:: Task to complete ::
Restate, exactly as written, the entries below from the line that holds "徳島県徳島市沖浜東2【マンション】の外観" through the line that holds "Ssangyong 2024: Giá". Pictures are not part of the copy.

:: Data to use ::
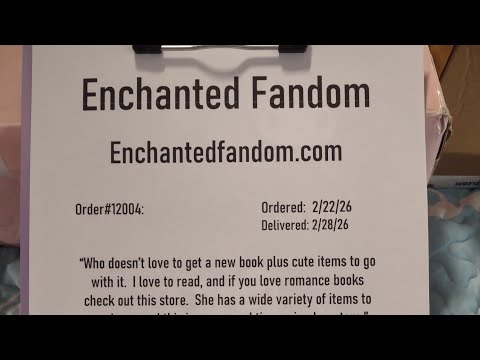 Enchanted Fandom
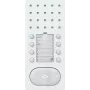 Siedle BFC 850-0 - Con cable - Blanco - Pared - 91 mm - 27 mm - 201 mm
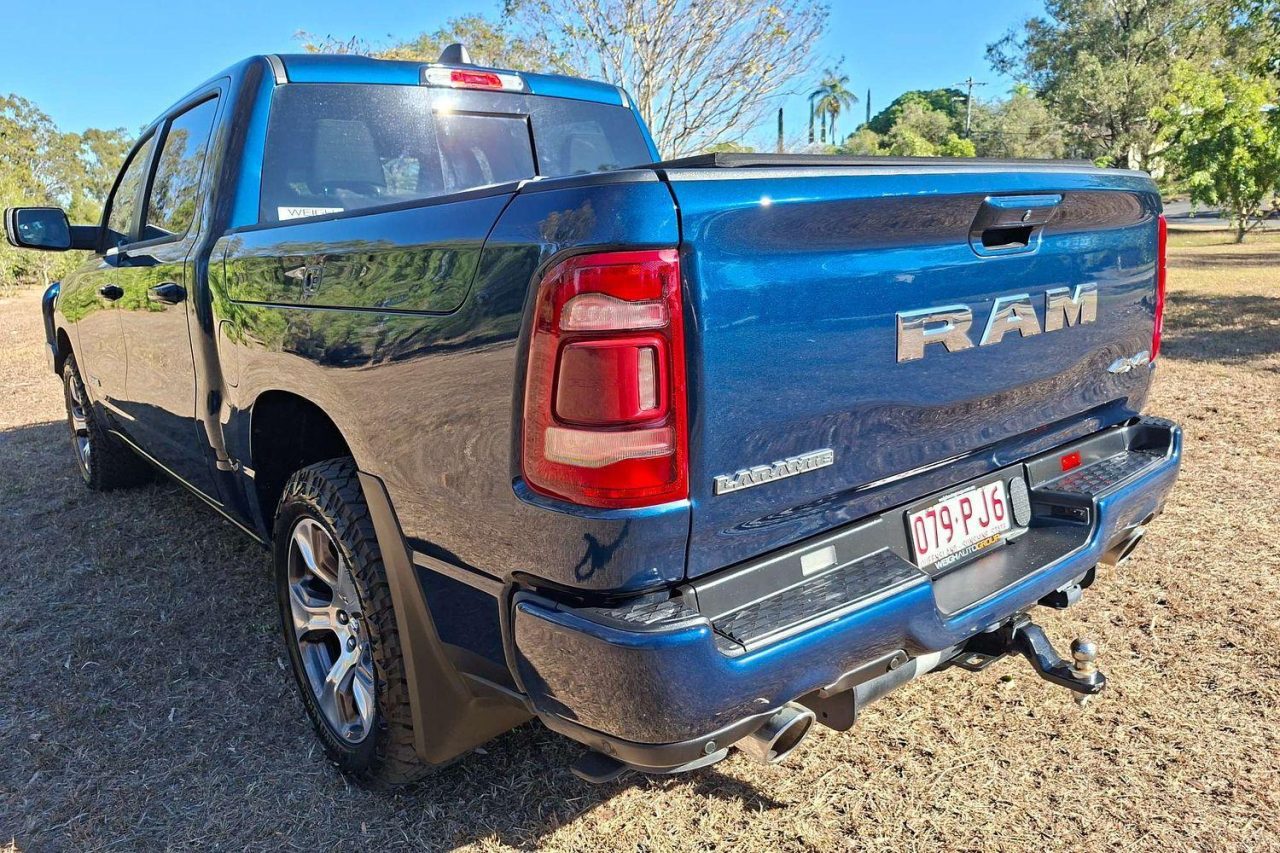 2023 DODGE RAM Laramie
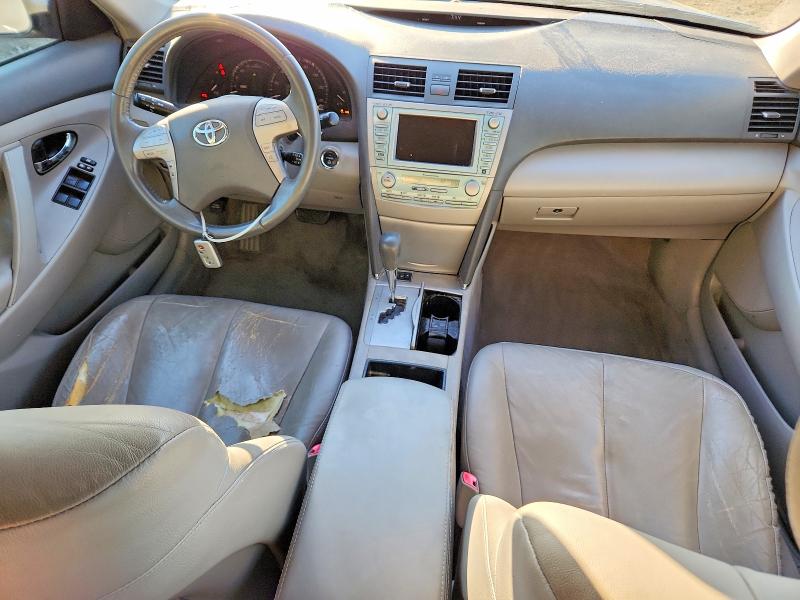 Photo 8 from auction – 2008 TOYOTA CAMRY with VIN JTNBB46K083044928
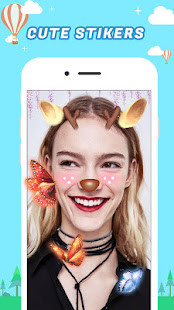 Face Beauty for App Video Call screenshot image 3_Popularmodapk.com
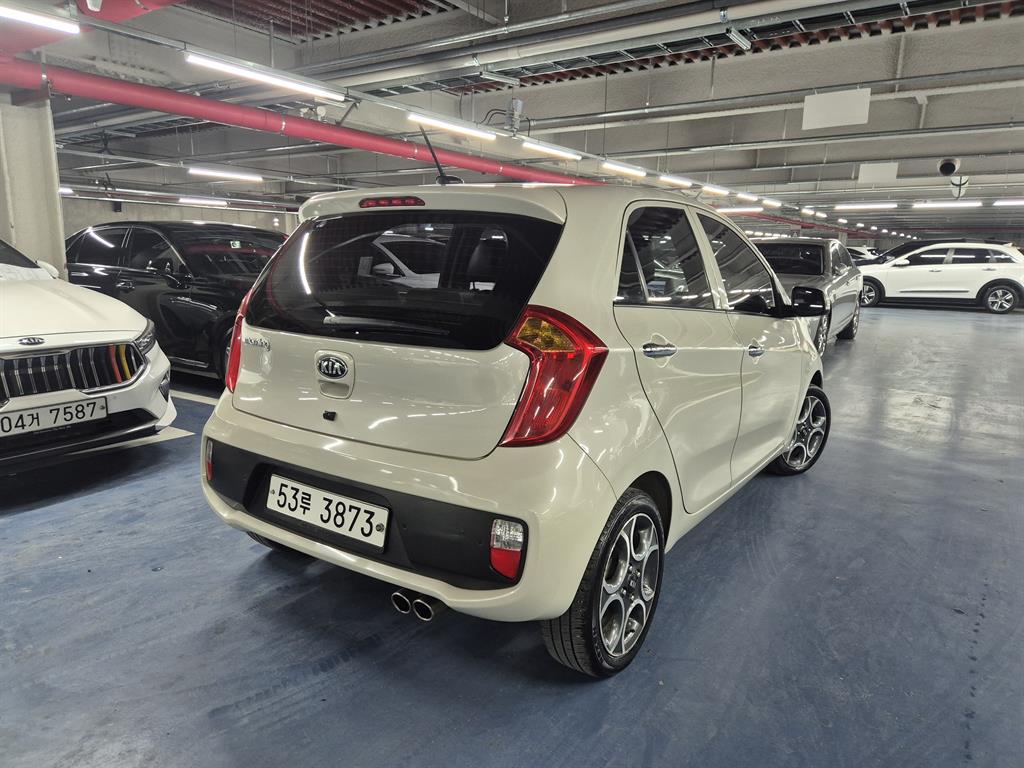 KIA Morning - Vista 6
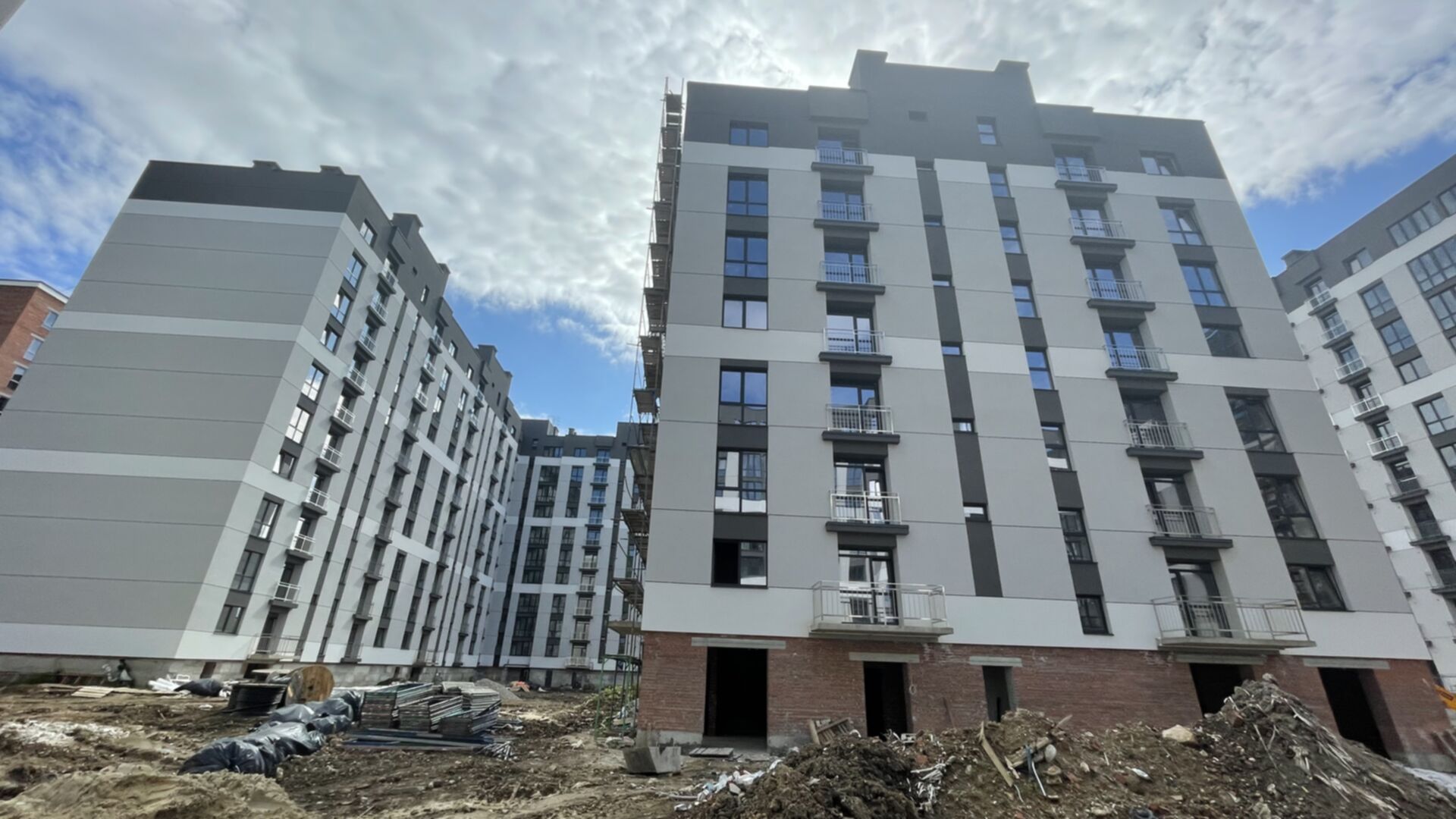 ЖК Козацький хід будівництва фото 592548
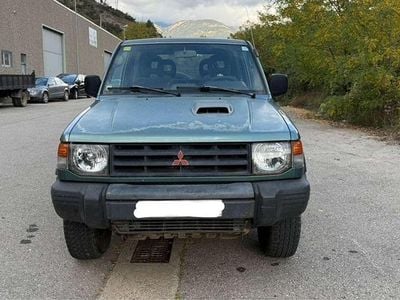 Mitsubishi Montero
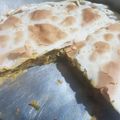 El cooksnap de Raky Sa cuando hizo Tarta de zapallitos.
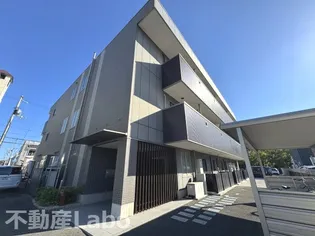 徳島県徳島市沖浜東2【マンション】の外観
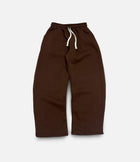 SIGNATURE BAGGY SWEATPANT  - MOCHA ROYALE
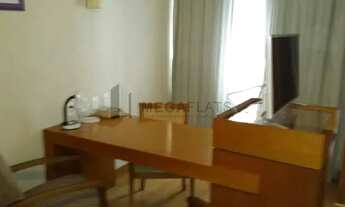 Imagem 3: 04957 - Flat/Aparthotel 1 Dorm, JARDINS - SÃO PAULO/SP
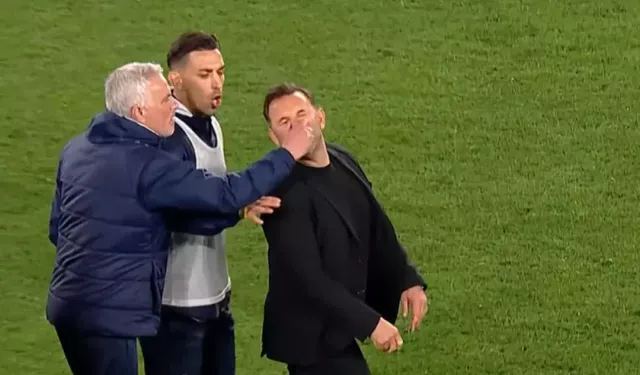 Mourinho: Türkiye Ligi’nin kalitesini tüm dünyaya gösterdim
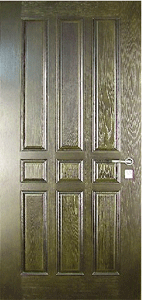 Дверь модель 18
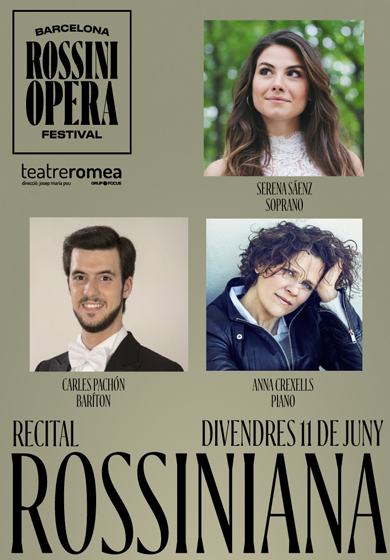 Rossiniana → Teatre Romea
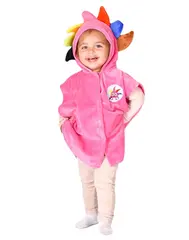 Babblarna Diddi kappe 1-4 år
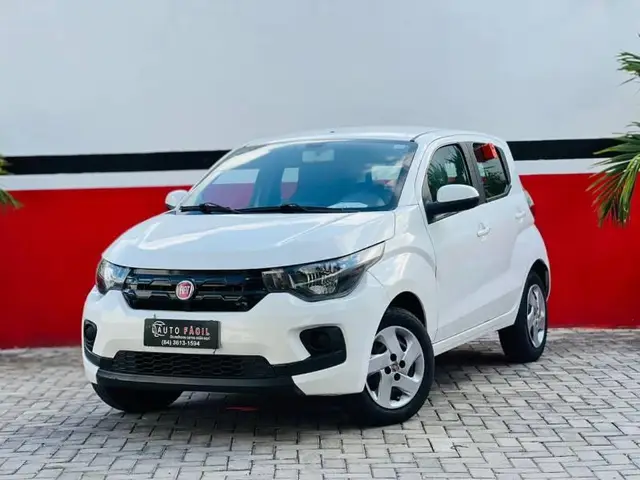 Carro Fiat Mobi 2018 FireFly Drive 1.0 (Flex)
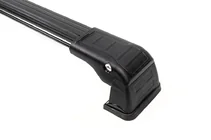 Dacia Dokker 2013-2022 Dachträger für Fixpunkte abschließbar Wingbar V3 (2 Stk) Foto 9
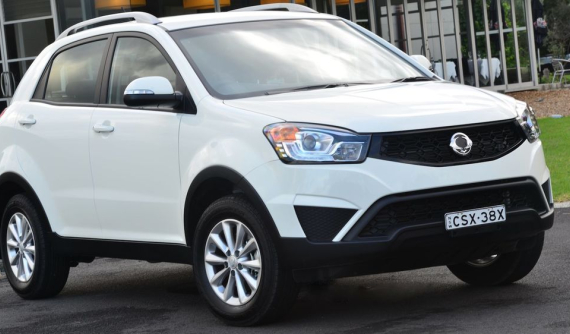 Ssangyong 2024: Giá xe Ssangyong và khuyến mãi mới nhất tại Việt Nam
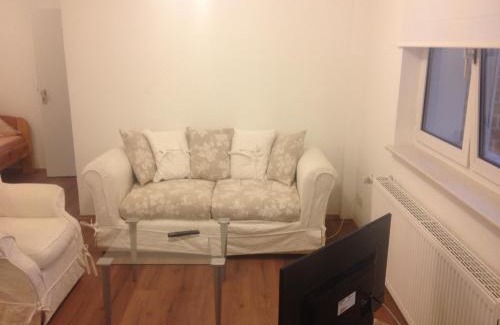 Fuldatal Apartamento | Ferien- und Monteurstudios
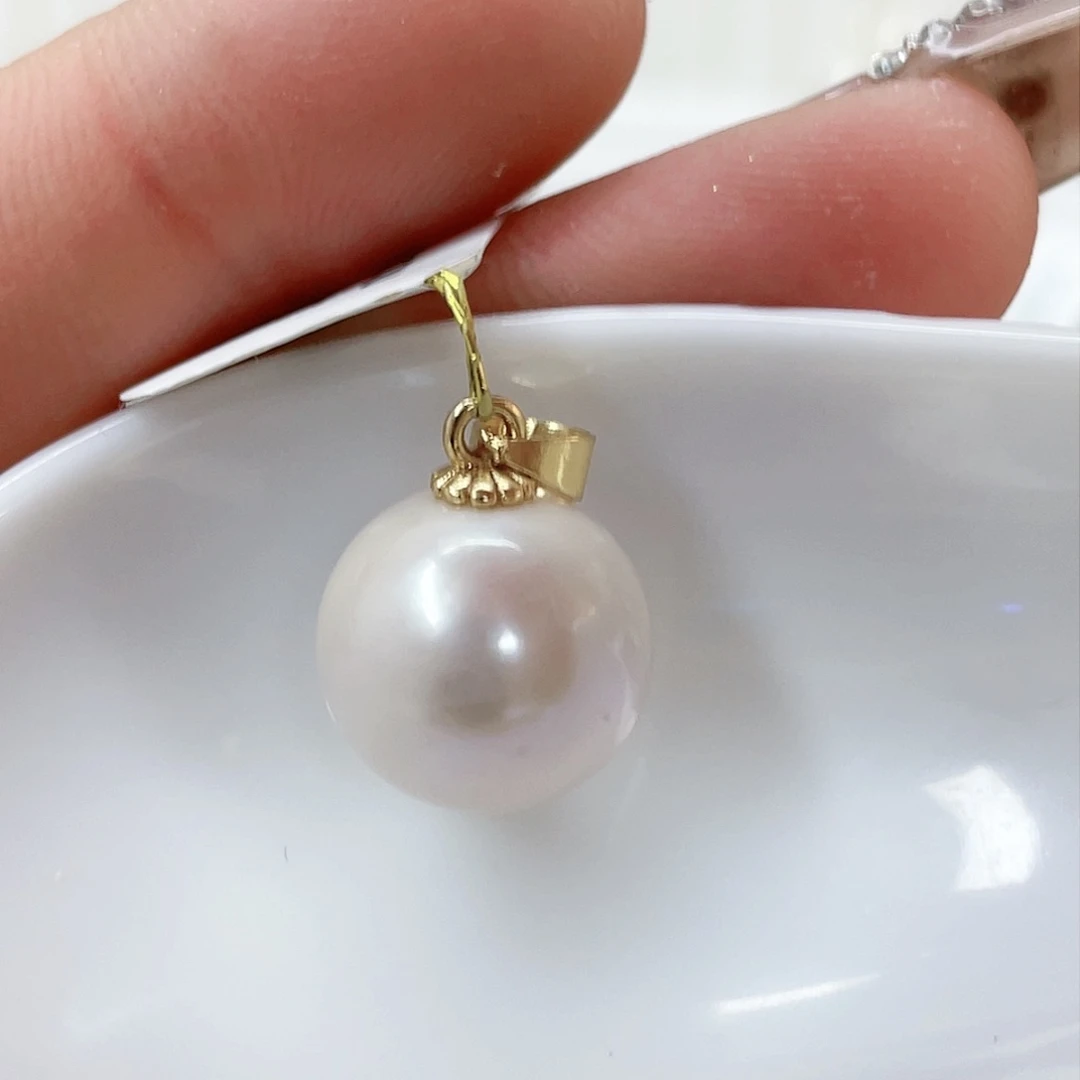 淡水珍珠颈饰未镶嵌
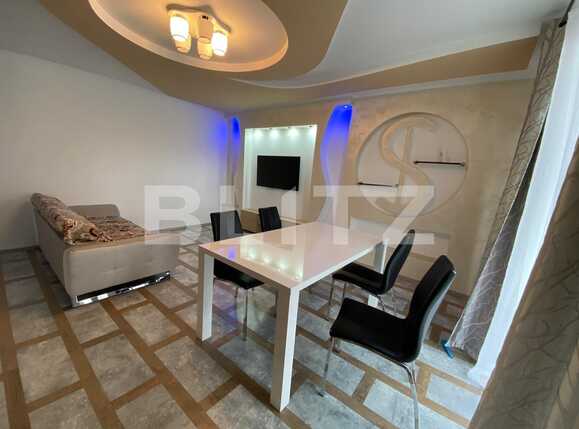 Apartament de închiriat 3 camere Floreşti - 64706AI | BLITZ Cluj-Napoca | Poza1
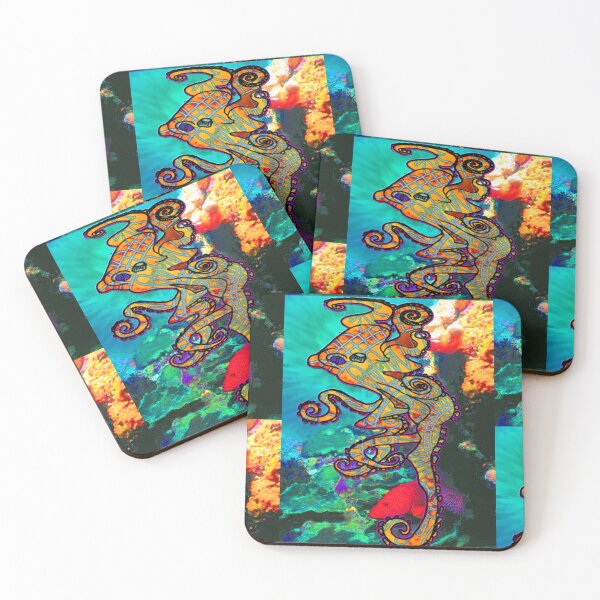 Item preview, espdzines octopus on the reef designed and sold by EspDzines.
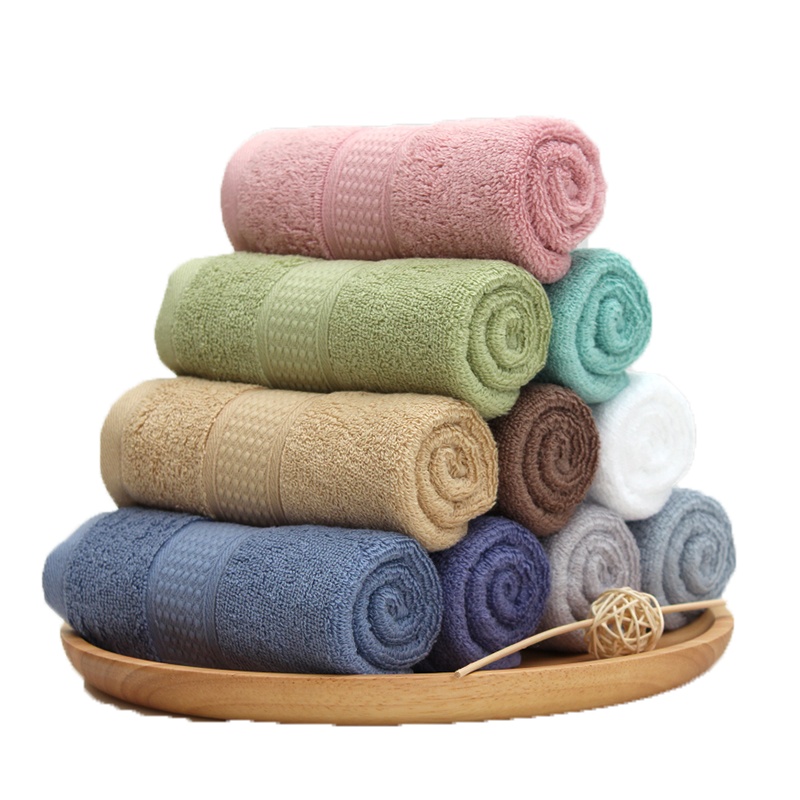 HOYO 臻品长绒棉毛巾 33*72cm,90g 礼盒单条装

:: Your response ::
 徳島県徳島市沖浜東2【マンション】の外観
 SIGNATURE BAGGY SWEATPANT  - MOCHA ROYALE
 Imagem 3: 04957 - Flat/Aparthotel 1 Dorm, JARDINS - SÃO PAULO/SP
 Mourinho: Türkiye Ligi’nin kalitesini tüm dünyaya gösterdim
 Дверь модель 18
 Rossiniana → Teatre Romea
 Babblarna Diddi kappe 1-4 år
 Carro Fiat Mobi 2018 FireFly Drive 1.0 (Flex)
 Dacia Dokker 2013-2022 Dachträger für Fixpunkte abschließbar Wingbar V3 (2 Stk) Foto 9
 Ssangyong 2024: Giá xe Ssangyong và khuyến mãi mới nhất tại Việt Nam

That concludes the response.